» **Work task**
Leave out the pictures, and copy exactly the lines from the line with "Watch for Men" through the last line of the data below.
** Available records follows **
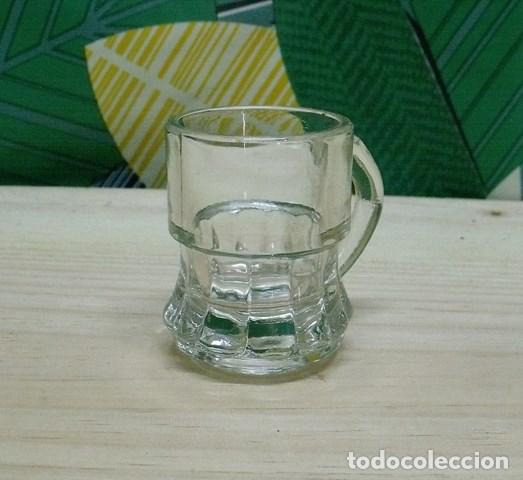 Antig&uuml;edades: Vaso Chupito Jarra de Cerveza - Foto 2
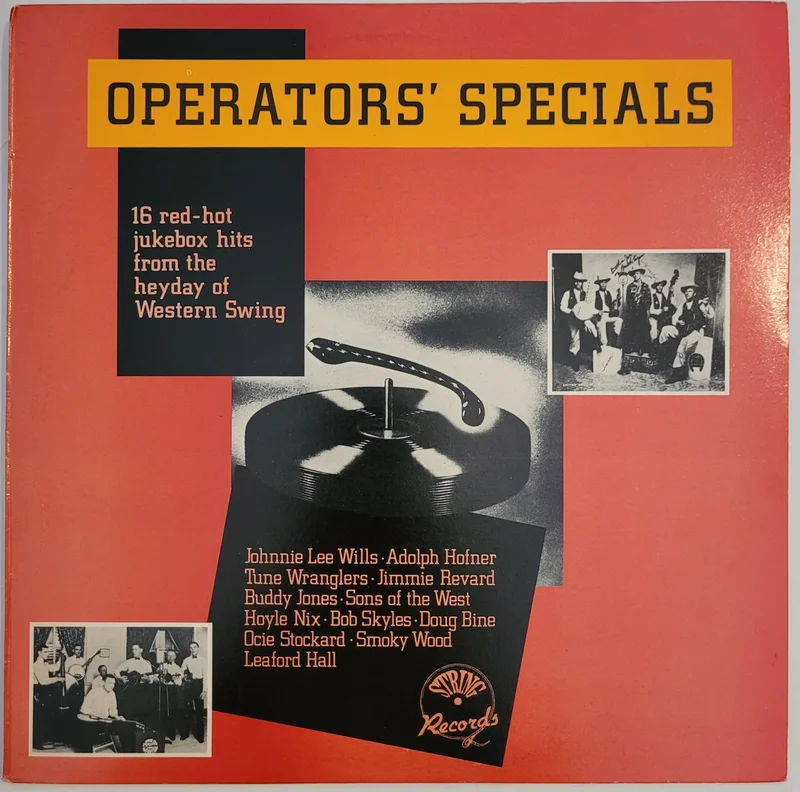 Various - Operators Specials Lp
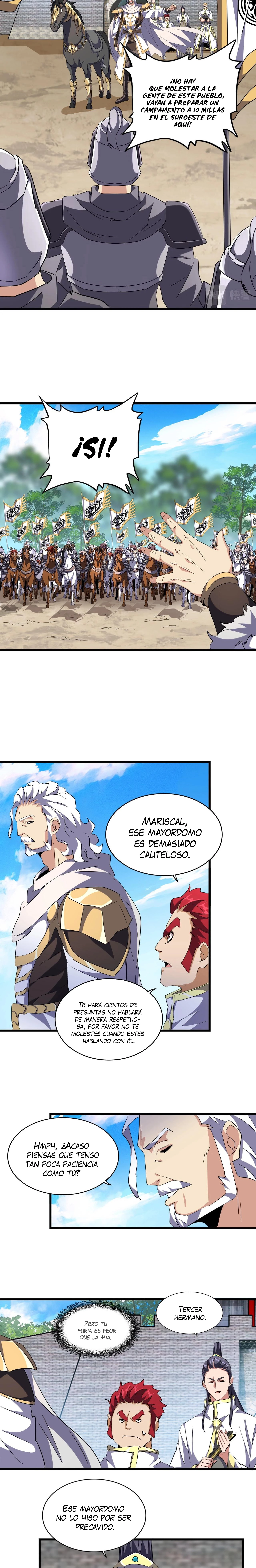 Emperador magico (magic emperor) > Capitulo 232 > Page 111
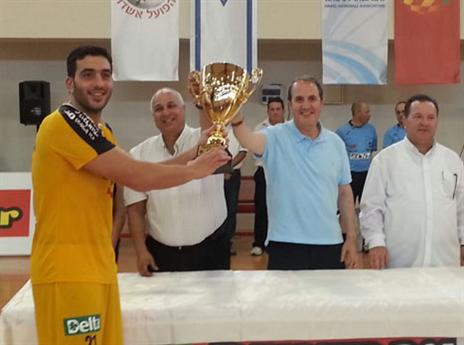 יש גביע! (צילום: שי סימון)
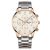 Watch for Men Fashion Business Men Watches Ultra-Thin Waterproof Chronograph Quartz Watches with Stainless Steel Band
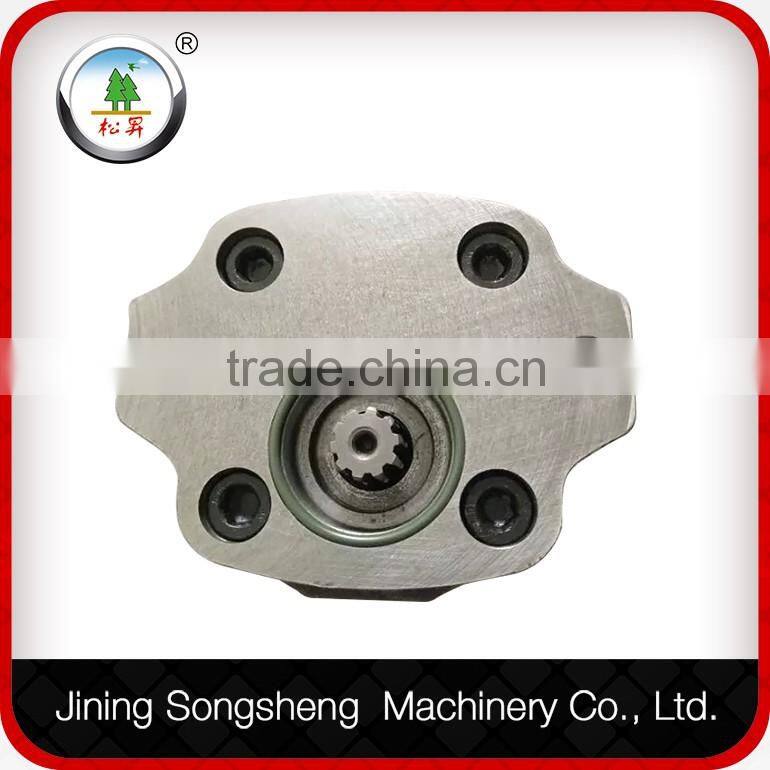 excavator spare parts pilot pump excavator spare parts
** End of Available records **
» **Output for this task**
 Watch for Men Fashion Business Men Watches Ultra-Thin Waterproof Chronograph Quartz Watches with Stainless Steel Band
 excavator spare parts pilot pump excavator spare parts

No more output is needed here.